S.P. Bharucha, V.N. Khare

ACT:

HEAD NOTE:

O R D E R

The appellants and others filed a writ petition the High Court of Punjab and Haryana against the respondents.

The case in the write petition, briefly stated, was that the writ petitioners were owners of agricultural lands, residential buildings, tubewells, etc. at Gaddiwara within the municipal limits of Panipat. The second respondent, the National Fertilizer Limited, had installed a plant for the manufacture of fertilisers in the vicinity. The second respondent had constructed a 'kucha' bund around the original pond and was using it for depositing effluents. The bund was made of earth which breached due to the excessive pressure of the effluents and the accumulation of burnt ash. The result was that water and ask had escaped from the pond and had damaged the writ petitioners' standing crops, mango gardens and residential properties. There had been a loss of soil from 6 inches to 2 feet, on their lands which had made them unfit for cultivation untill such time as they were reclaimed. The second respondent had not done anything to redress the grievancees of the writ petitioners. The writ petition, therefore, prayed for a direction to the second respondents to close its plant until effluent disposal arrangements were made and "to pay the damages of Rs. one crore for the destruction of residential houses, crops and Mango Garden. The respondent No.2 may also be directed to reclaim the agricultural land of the petitioners which has been rendered unfit for cultivation. The respondents No. 1 and 3 may be directed to take steps for civil and criminal (action) against the respondent No.2".

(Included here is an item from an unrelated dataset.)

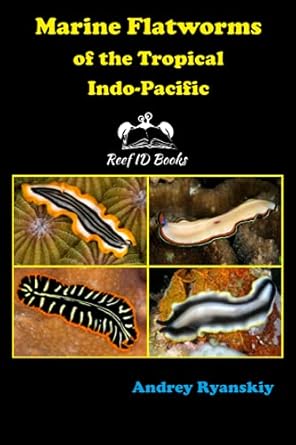 marine flatworms of the tropical indo pacific 1st edition andrey ryanskiy 5604204978, 978-5604204979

The writ petition was dismissed by a learned single Judge because it raised disputed questions of fact which could not be resolved in proceedings under Article 226. The order of the learned Single Judge was upheld by a Division Bench, the appeal being summarily dismissed.

The appellants (being five of the writ petitioners) filed a petition for special leave to appeal against the order of the Division Bench. Notice thereon was issued to the respondents.

Learned counsel appearing for the parties informed this Court on 15th July, 1997 that they had agreed to go to arbitration to settle their disputes and an adjournment was granted for one week to file the arbitration agreement. On 21st July, 1997 the following order was passed :

"Pursuant to our order dated 15.7.1997, the contestants have filed an Agreement whereby, they have referred their disputes to the two named Arbitrators therein. Therefore, we grant leave and keep the matter pending till the arrival of the arbitration award. Let the Arbitrators be informed so that they enter upon the reference.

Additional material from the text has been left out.